Segundo estimativa divulgada pelo Comitê Judiciário do Senado dos EUA (“Senate Judiciary Committee”) , o valor acumulado dessas vantagens teria superado US$ 4.750.000 dólares americanos , em apuração decorrente de investigações parlamentares e reportagens que indicaram a não declaração de parcela significativa desses benefícios nos formulários patrimoniais exigidos (“How ProPublica Exposed Ethics Scandals at the US Supreme Court”, in “Global Investigative Journalism Network- GIJN, 25/04/2024).

A duração prolongada das práticas, o vulto estimado dos valores e a concentração dos benefícios suscitaram severas críticas públicas e debate institucional acerca da suficiência de um sistema ético baseado apenas na autocontenção pessoal (“New ethics inquiry details more trips by Clarence Thomas paid for by wealthy benefactors”, in “The Guardian”, 21/12/2024).

Nesse contexto, cumpre mencionar a Declaração (“Statement”) da Suprema Corte americana referente ao “Code of Conduct”, divulgada em 2013, pela qual a Corte Suprema dos EUA, reagindo às fortes críticas recebidas, afirmou tomar como referência o texto do “Code of Conduct for United States Judges”, sem, contudo, adotar código próprio vinculante. Os preceitos do Código de Conduta dos Juízes Federais americanos consagram a integridade e a independência do Judiciário; a vedação da impropriedade e de sua aparência; o desempenho imparcial, diligente e competente das funções; a regulação das atividades extrajudiciais; e a abstenção de atividade político-partidária. 

A natureza meramente declaratória da Resolução da Corte Suprema dos EUA, todavia, revelou-se insuficiente para prevenir crises de legitimidade, evidenciando os limites da autorregulação.

3. A experiência do Tribunal Constitucional Federal Alemão: ética como prevenção

Em contraste, o Tribunal Constitucional Federal Alemão (“Bundesverfassungsgericht”) oferece paradigma distinto, marcado por uma cultura institucional preventiva. 

No Tribunal Constitucional Federal alemão (“Bundesverfassungsgericht”), a conduta de seus juízes é orientada por um “Verhaltenskodex” (Código de Conduta ou de Comportamento) autoimposto pela própria Corte, resultante de deliberação interna dos magistrados e consolidado como expressão de uma cultura institucional rigorosa de ética judicial. 

Embora não se trate de código promulgado por lei formal, esse conjunto de diretrizes internas possui elevada força normativa e simbólica, funcionando como parâmetro vinculante de conduta funcional e extrafuncional dos juízes constitucionais.

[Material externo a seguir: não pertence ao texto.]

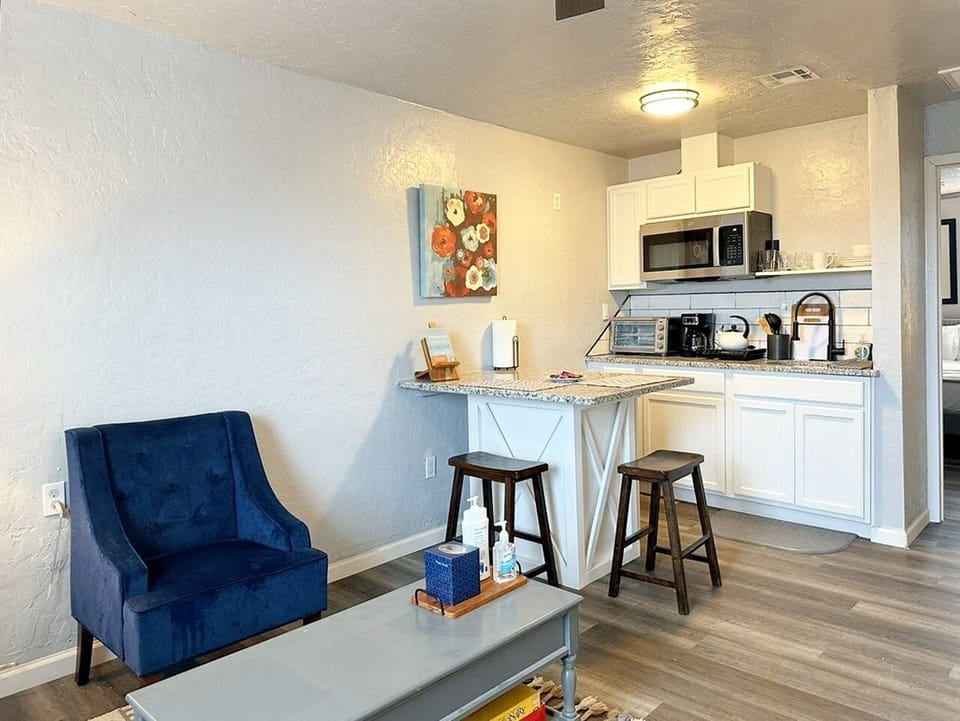 Our newly renovated studio offers a comfortable and stylish space for your stay. Enjoy the modern amenities and cozy atmosphere.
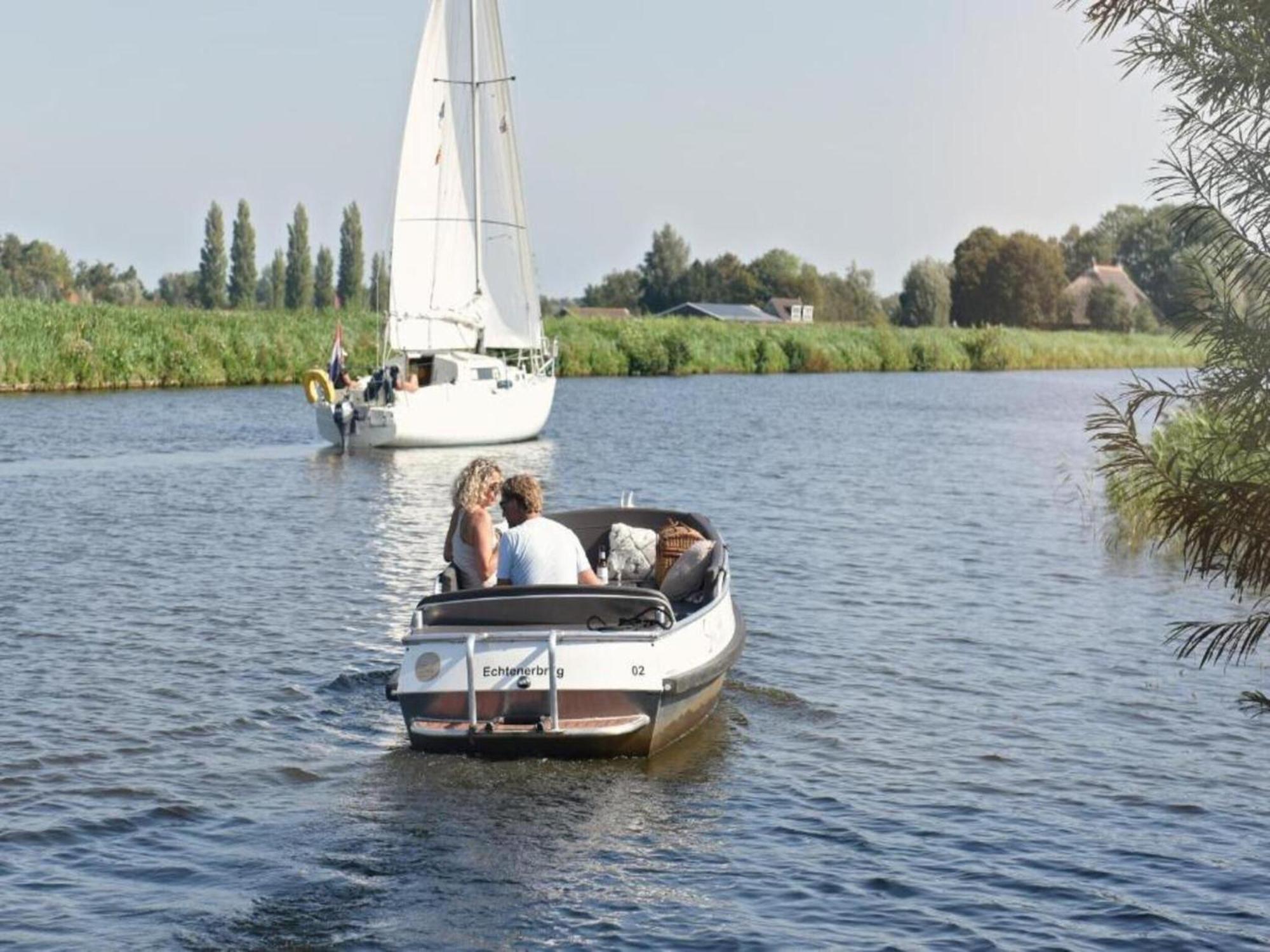 Luxury Docklodge On The Water Delfstrahuizen Buitenkant foto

Esse “Verhaltenskodex” estrutura-se em torno de princípios essenciais, entre os quais se destacam, a integridade pessoal e funcional do magistrado constitucional, como pressuposto da legitimidade da jurisdição; a independência e a imparcialidade, concebidas em sentido não apenas subjetivo, mas sobretudo objetivo, de modo a afastar qualquer situação suscetível de gerar dúvida razoável quanto à isenção do juiz; e a vedação não apenas de conduta imprópria, mas também da mera aparência de impropriedade, exigindo-se que o magistrado permaneça “acima de qualquer dúvida” (“über jeden Zweifel erhaben”).

No mesmo sentido, esse Código alemão impõe restrições severas ao recebimento de presentes, benefícios, hospitalidades ou vantagens oferecidas por terceiros, admitindo apenas atenções de caráter social insignificante, destituídas de potencial para comprometer a confiança pública na integridade, imparcialidade e independência da jurisdição constitucional. Estabelece, ainda, limites estritos às atividades extrajudiciais, especialmente quanto à participação em eventos, conferências ou compromissos que possam acarretar conflitos de interesses, exposição indevida ou risco à percepção de imparcialidade.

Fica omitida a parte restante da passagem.